The Mica bill is at odds with a legislative proposal expected to emerge in the Senate next week. Senate Democrats favor a two-year transportation plan rather than the traditional six-year blueprint. Mica called a two-year bill a “recipe for bankruptcy of the trust fund.”
“We think we have a pretty good proposal,” Mica said Thursday. “Not that we can’t work with people to make it better.”
The Democrats, who were not in the committee room during Mica’s presentation, responded to the proposal later. They cited two major studies in the past year, one that says an investment of $2 trillion was needed to rebuild roads, bridges, waterlines, sewage systems and dams that are reaching the end of their planned life cycles. Another concludes that it would require spending as much as $262 billion a year.
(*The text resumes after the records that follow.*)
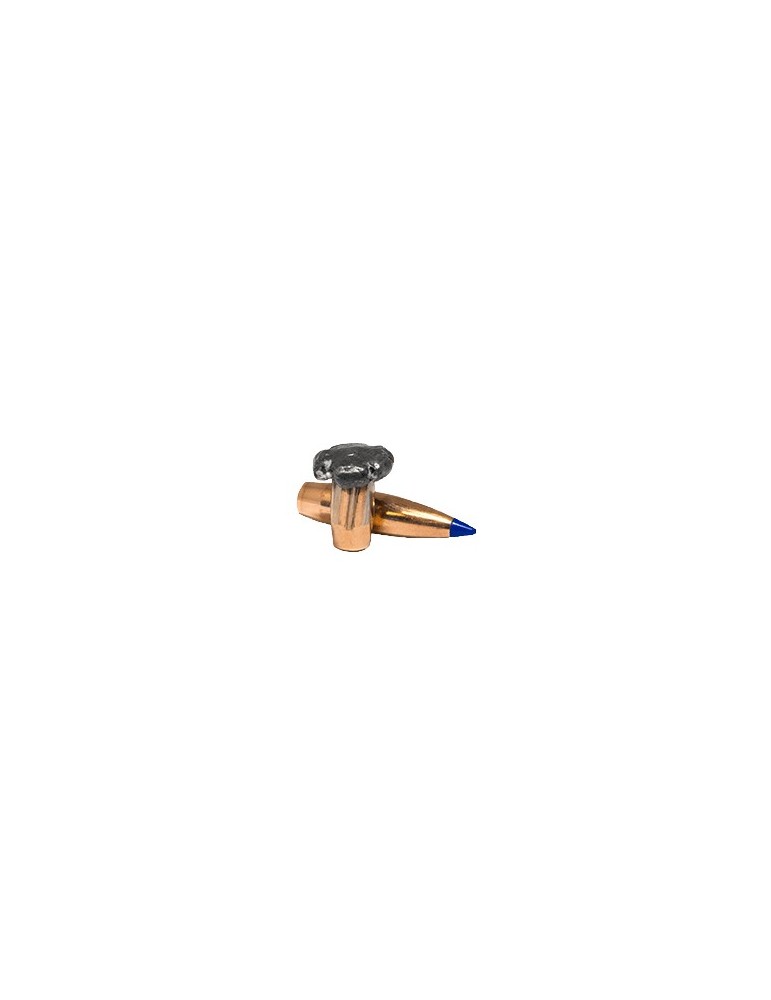 Norma .300 Win. Mag. Bondstrike 180 gr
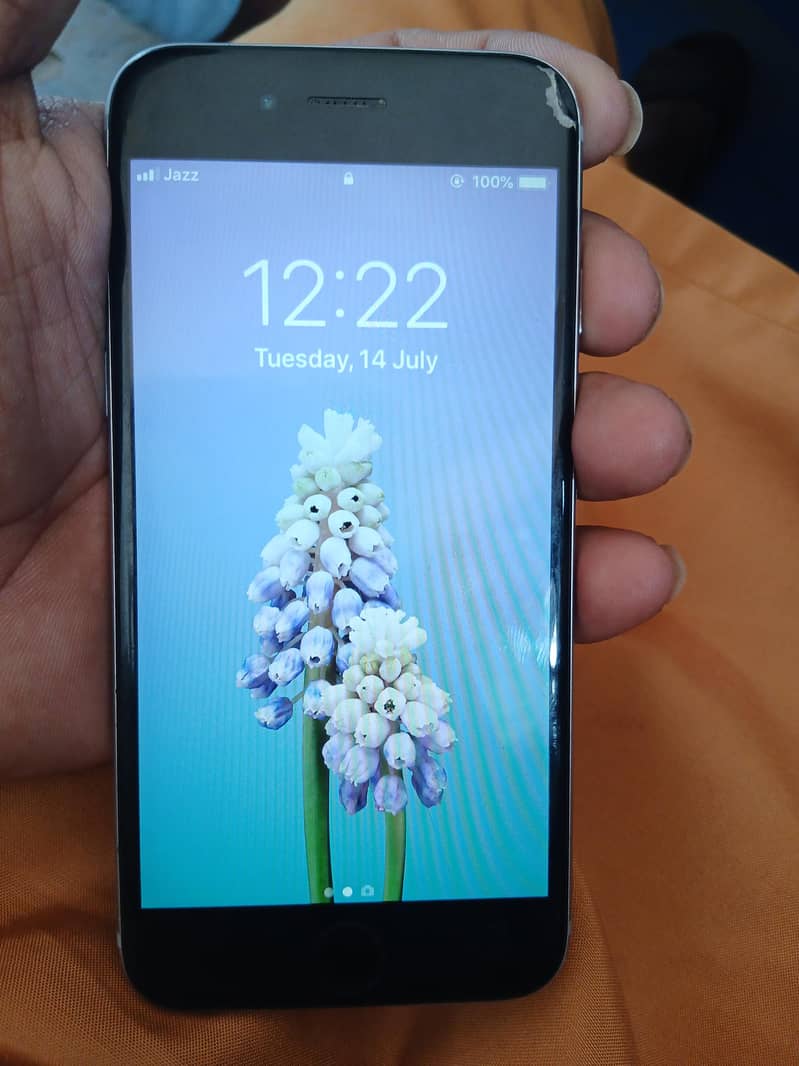 Apple iPhone 6 6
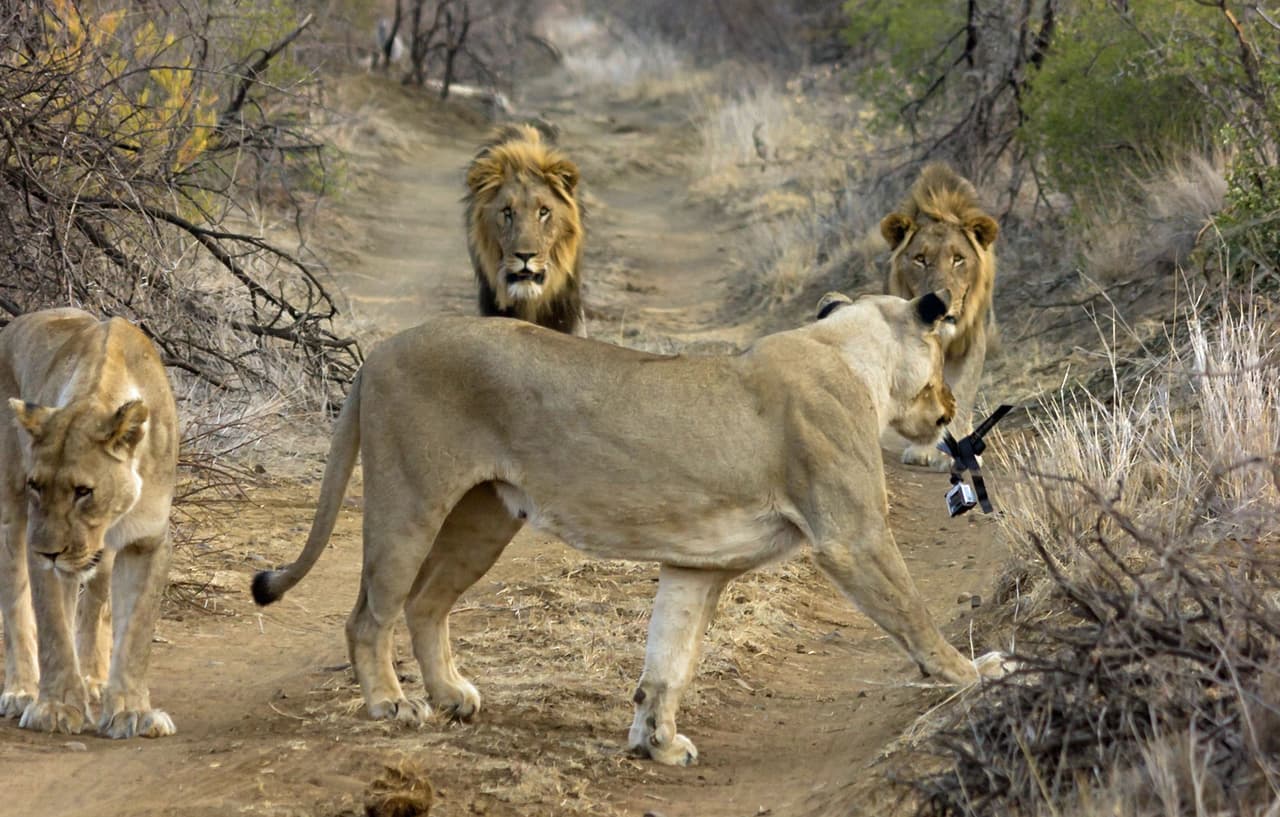 La leona la mordió, olió, babeó, pisó y revolcó por el piso, buscando qué es lo que hacía aquella curiosa cosa.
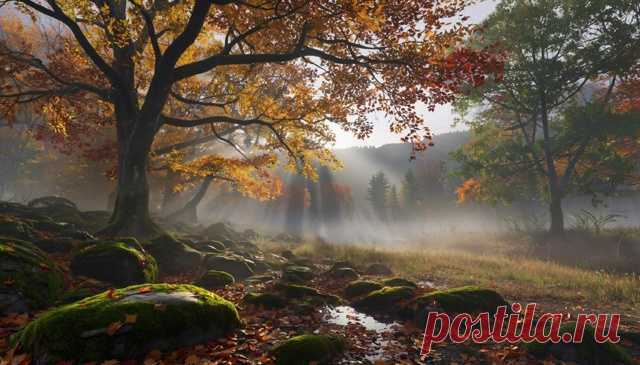 Дорогие мои друзья и подписчики моей группы. - Виктopинa «Oceнь»
Какие природные явления встречаются наиболее часто осенью?
Ответы писать в комментарии!
С уважением к вам создатель группы Александр!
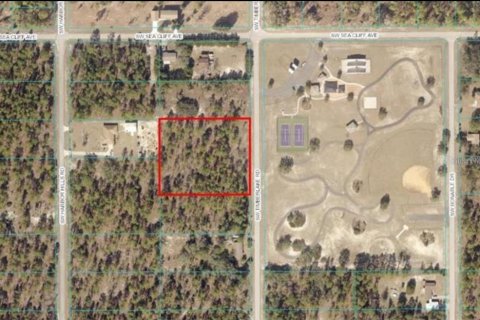 Land in Dunnellon, Florida № 1296927 - photo 1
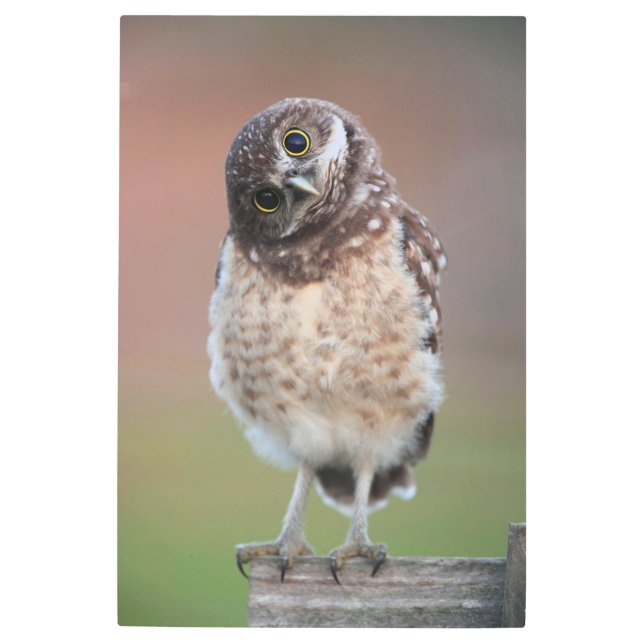 最も可愛い赤ん坊の動物 | Burroing Owlet メタルプリント (正面)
“Now the majority wants to slash our transportation investment by one-third, giving our competitors an even bigger lead,” said Rep. Nick J. Rahall II (D-W.Va.), the committee’s ranking member. “It’s actually mind-boggling. While our competitors are moving forward, this bill would leave us stuck in a ditch.”
Oregon Democrat Peter A. DeFazio called Mica’s belief that $35 billion could be leveraged into $75 billion “fantasy funding.”
“We need $87 billion just to maintain the existing transit system, just to maintain the existing highways and bridges in this country,” DeFazio said. “If you want to improve it, you’re talking about $115 billion a year, more than three times what they’re proposing.”
Rahall suggested that Congress draw on general-fund money, as it has in recent years, and settle on a two-year bill in the hope that economic recovery would provide additional revenue after that.